▶ MATERIAL FOR THE TASK
· · · · · · ·

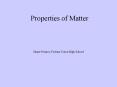 Properties of Matter PowerPoint PPT Presentation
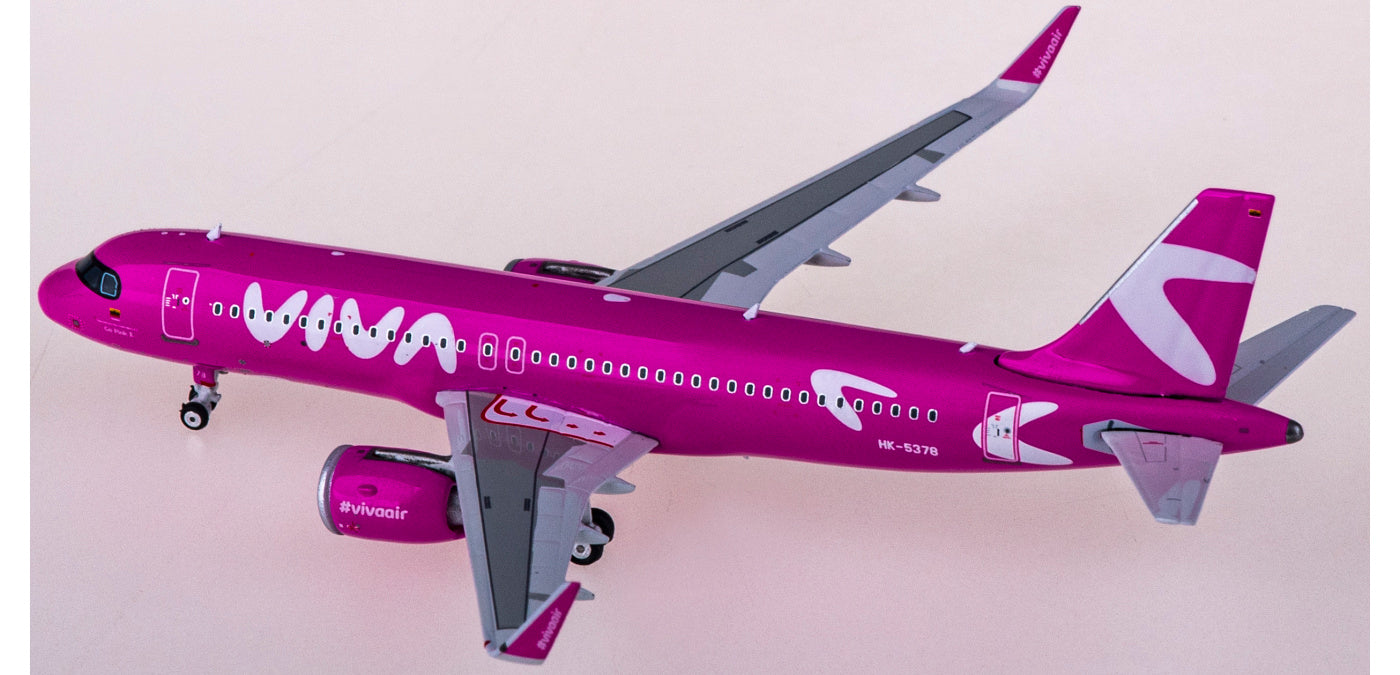1:400 Phoenix PH11734 Viva Air Colombia Airbus A320neo HK-5378+Free Tractor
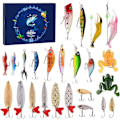 Miniatyrbillede 1 af 4: Fiskekroge / Wobblere - 24 fiskegrej i Julekalender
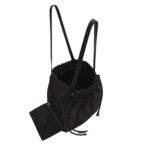 PROENZA DRAWSTRING TOTE IN NYLON BLACK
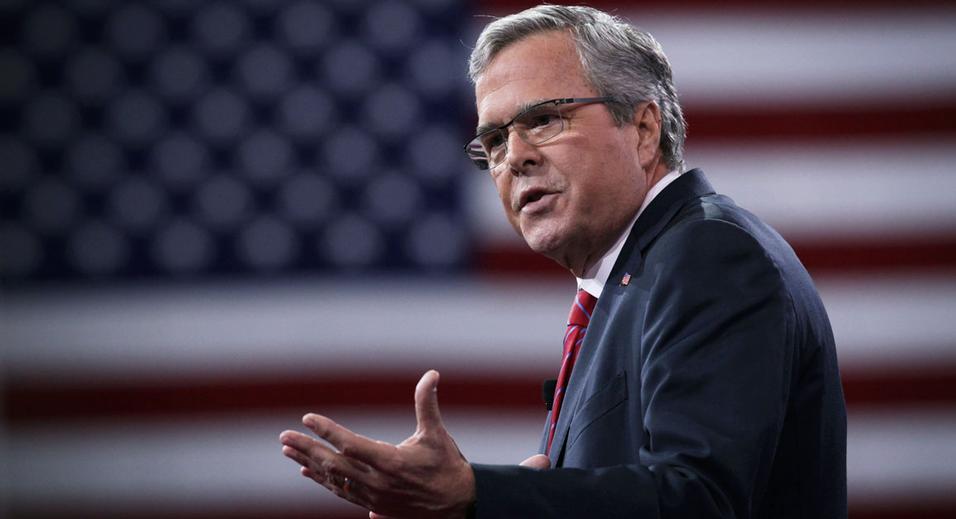 NATIONAL HARBOR, MD - FEBRUARY 27:  Former Florida governor Jeb Bush speaks at the 42nd annual Conservative Political Action Conference (CPAC) February 27, 2015 in National Harbor, Maryland. Conservative activists attended the annual political conference to discuss their agenda.  (Photo by Alex Wong/Getty Images)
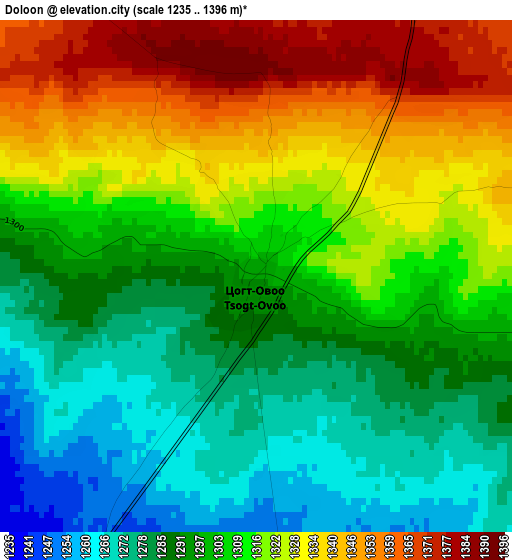 Doloon elevation map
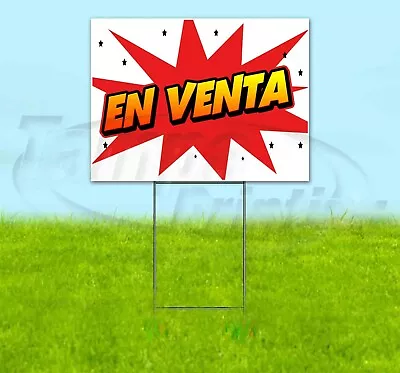 EN VENTA 18x24 Yard Sign Corrugated Plastic Bandit Lawn Decoration USA • $33.06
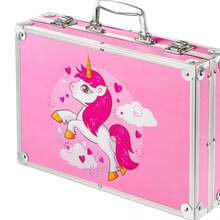 ART SET FOR PAINTING DRAWING PAINT FOR CHILDREN SUITCASE 145 Pcs. - Pink - View 7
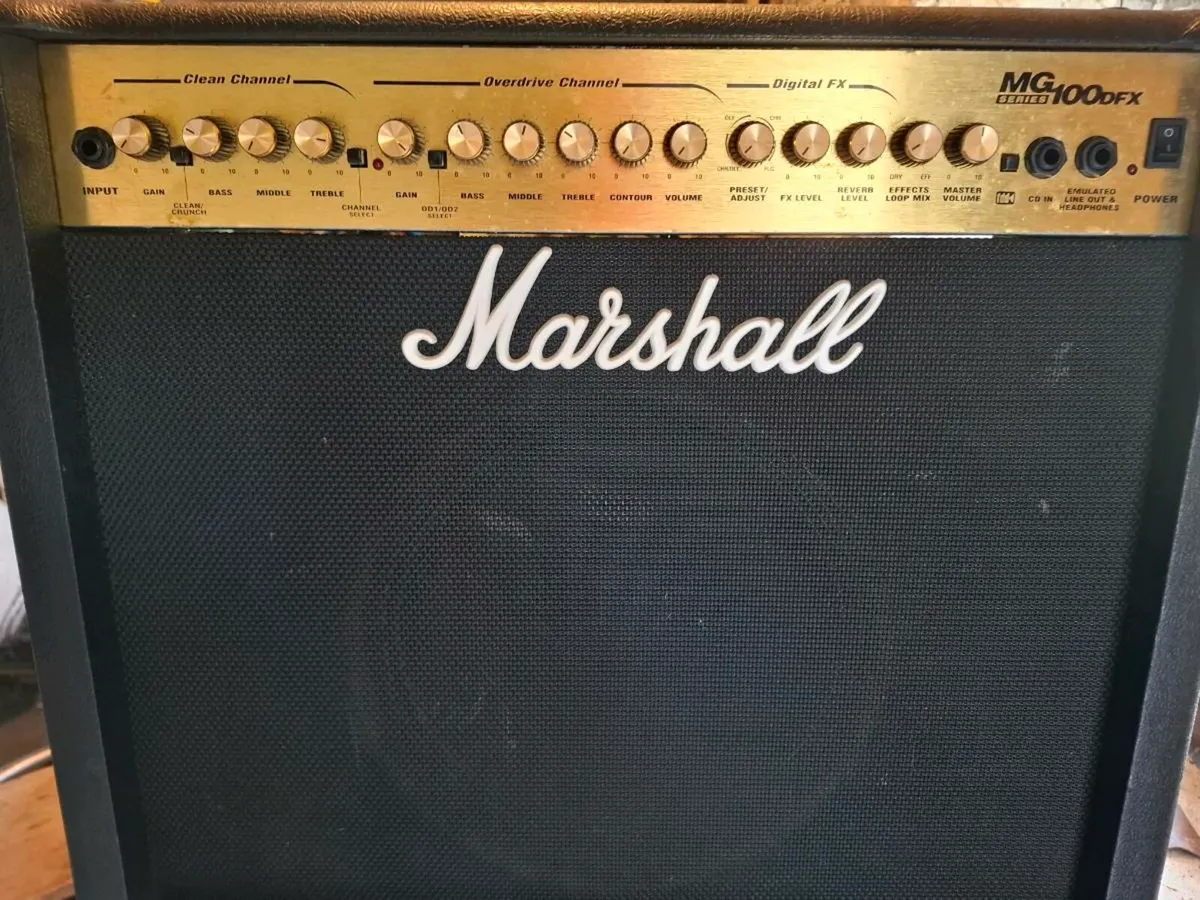 Marshall amp.
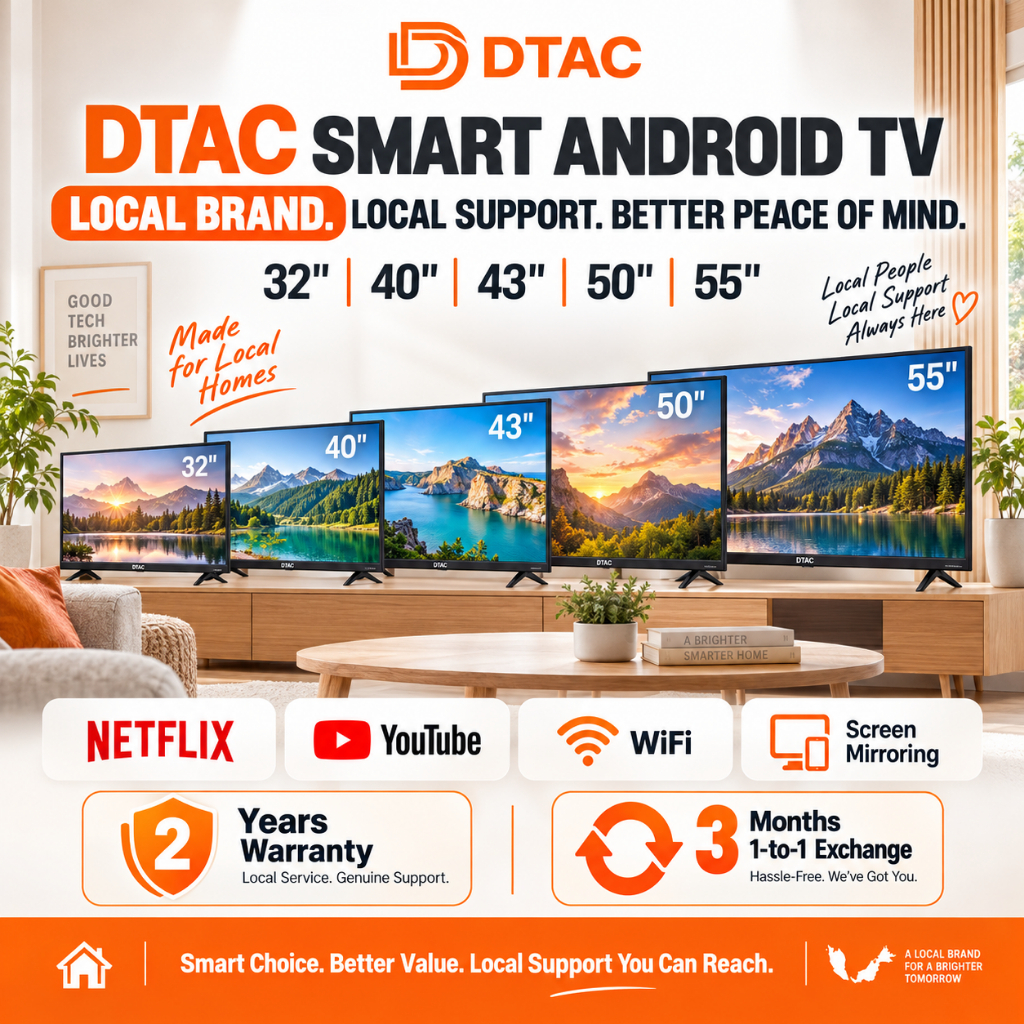 Digital TV Televisyen Led Rumah Bilik Dapur CCTV HDMI TV Ruang Tamu Murah Untuk Astro Mytv Orang Tua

· · · · · · ·

▶ WHAT THIS TASK INVOLVES
Go back to the listing above and write out the lines starting at the one with "1:400 Phoenix PH11734" and ending at the one with "PROENZA DRAWSTRING TOTE IN NYLON BLACK", inclusive, exactly and without pictures.

▶ SOLVED EXERCISE
1:400 Phoenix PH11734 Viva Air Colombia Airbus A320neo HK-5378+Free Tractor
 Miniatyrbillede 1 af 4: Fiskekroge / Wobblere - 24 fiskegrej i Julekalender
 PROENZA DRAWSTRING TOTE IN NYLON BLACK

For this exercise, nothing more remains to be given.